■ Try it
Once the line containing "Audi A4 Premium 45 TFSI quattro 2019" is found, please copy it and all lines after it through the end of the records, exactly, leaving out pictures.

■ Listed records
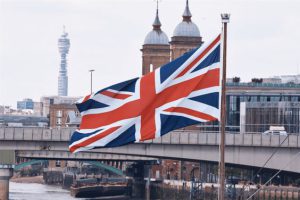 وکیل مهاجرت به انگلستان در مشهد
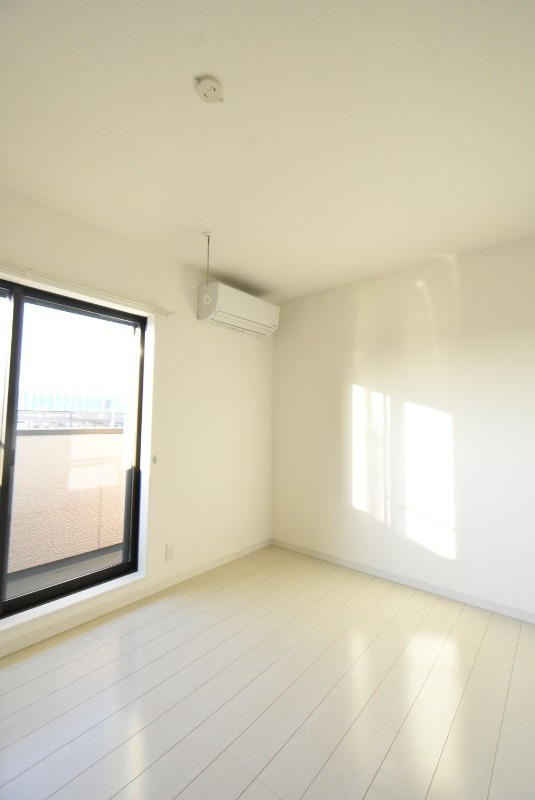 ��ʌ��������܎s��΋擌���P���ڂ̃A�p�[�g�̋��ԁE���r���O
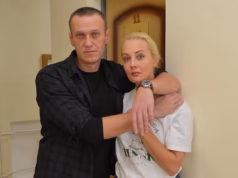 A esposa de Alexei Navalny diz que pague a Putin para matar meu marido preso com veneno de sapo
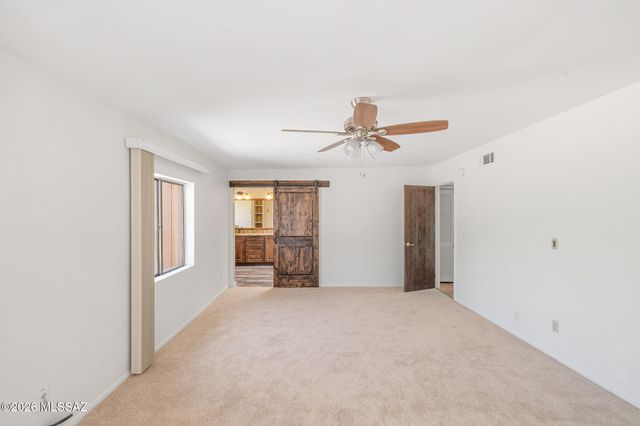 5620 N Barrasca Avenue, Tucson, AZ 85750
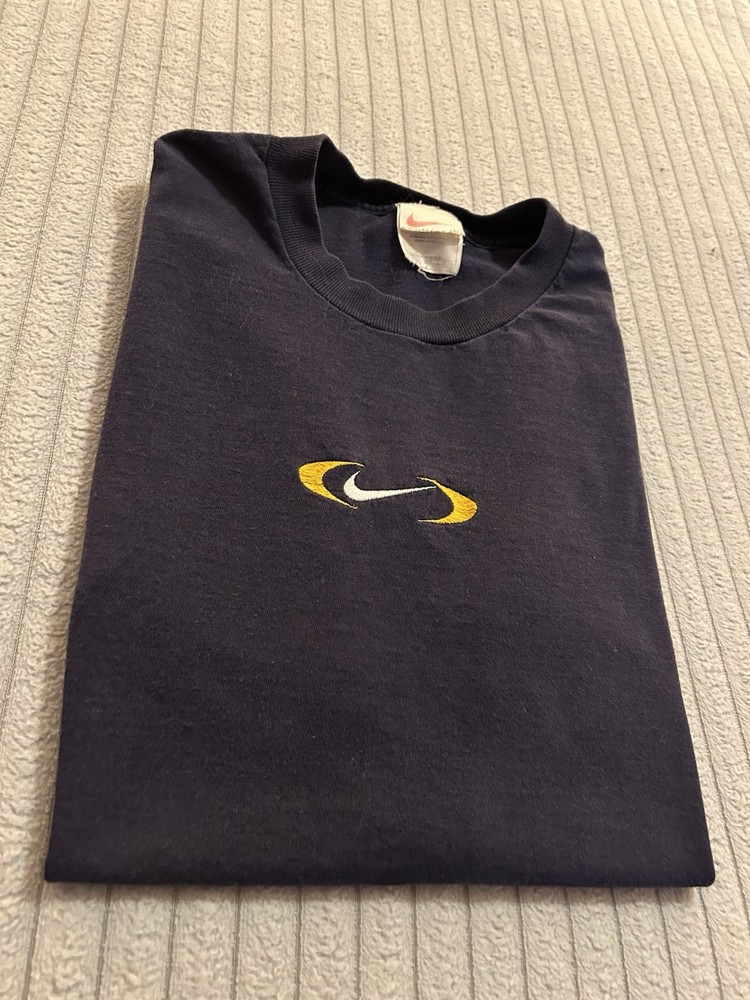 Nike Center Swoosh Oval Logo T-Shirt Men's Short Sleeve, Size L, Y2K Vintage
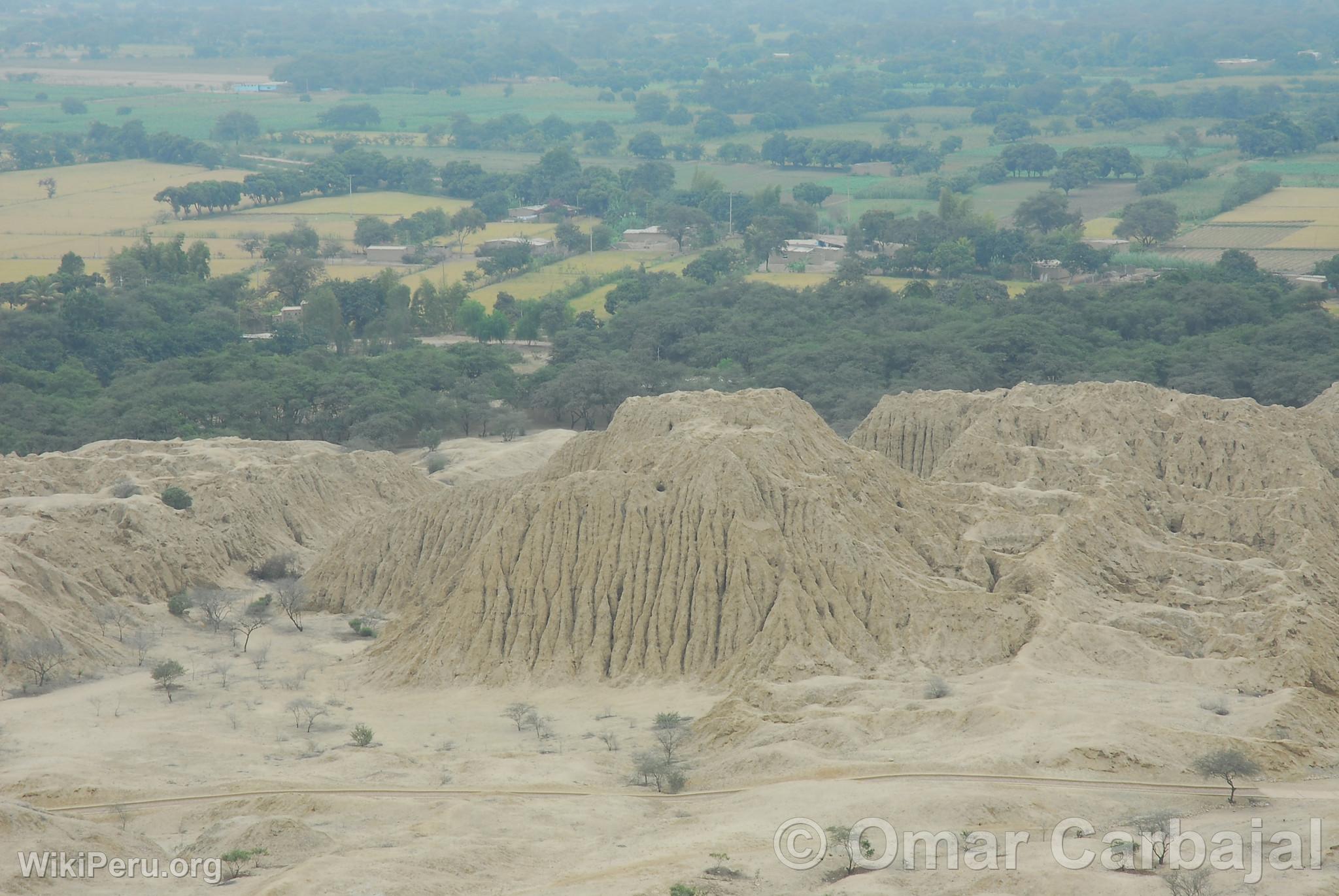 Valle des Pyramides de Tcume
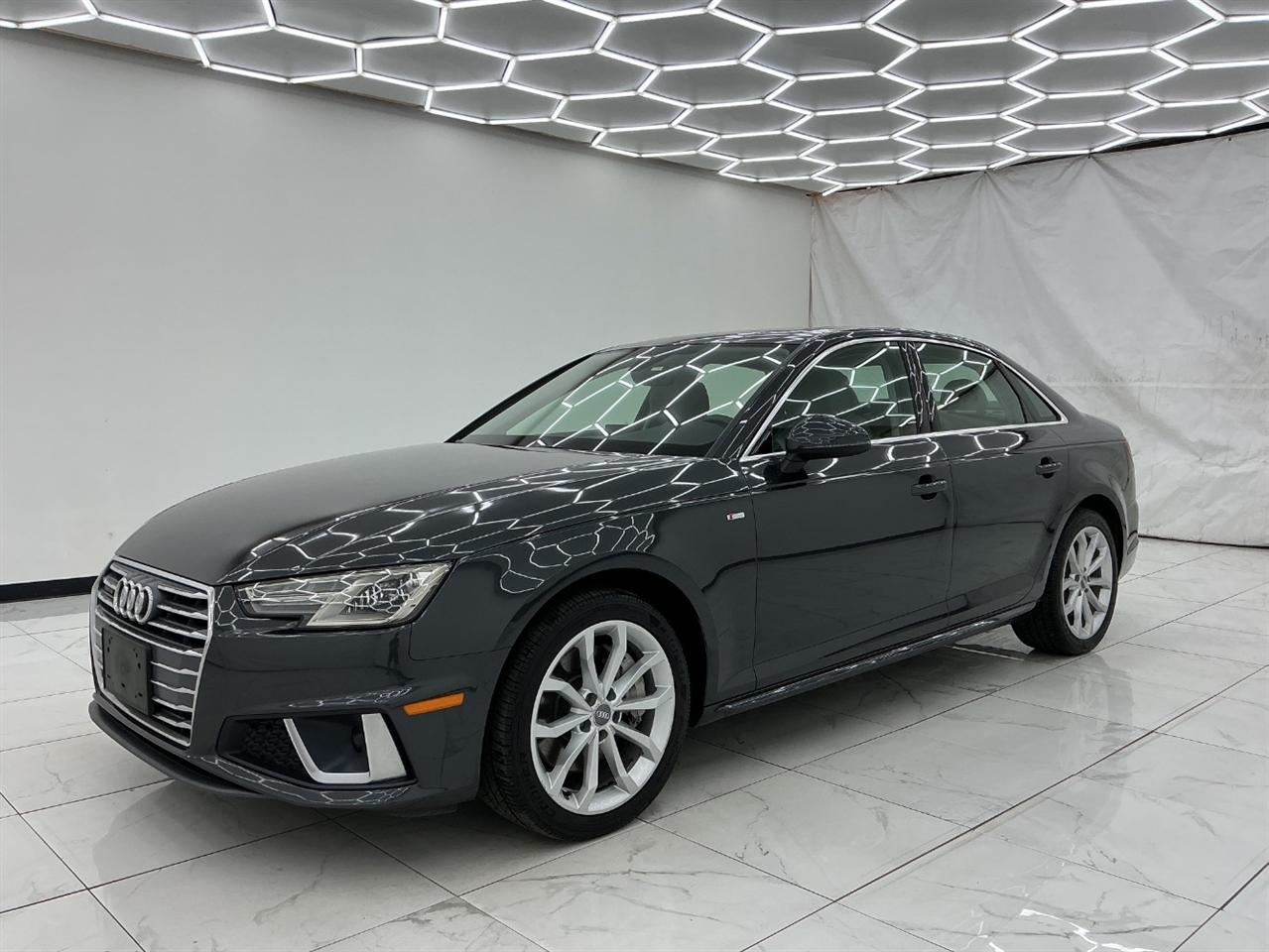 Audi A4 Premium 45 TFSI quattro 2019
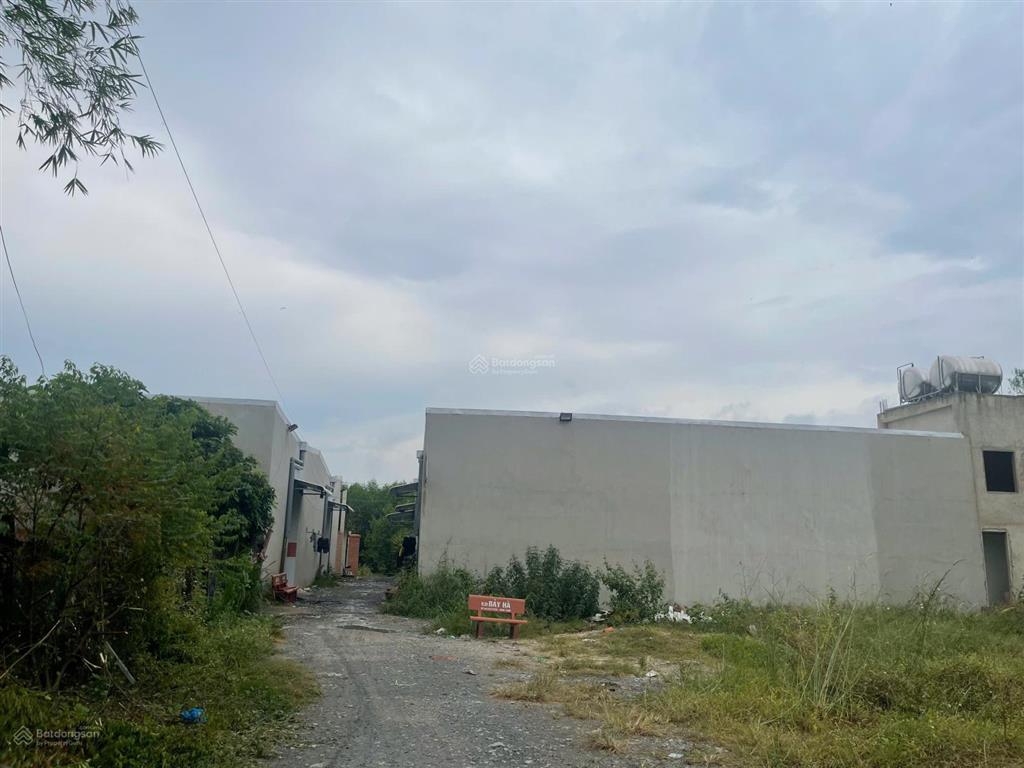 Cần bán gấp nền đất xây trọ 150m2, đường nguyễn thị rành, ngay kcn tây bắc, củ chi, shr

■ Completed task
 Audi A4 Premium 45 TFSI quattro 2019
 Cần bán gấp nền đất xây trọ 150m2, đường nguyễn thị rành, ngay kcn tây bắc, củ chi, shr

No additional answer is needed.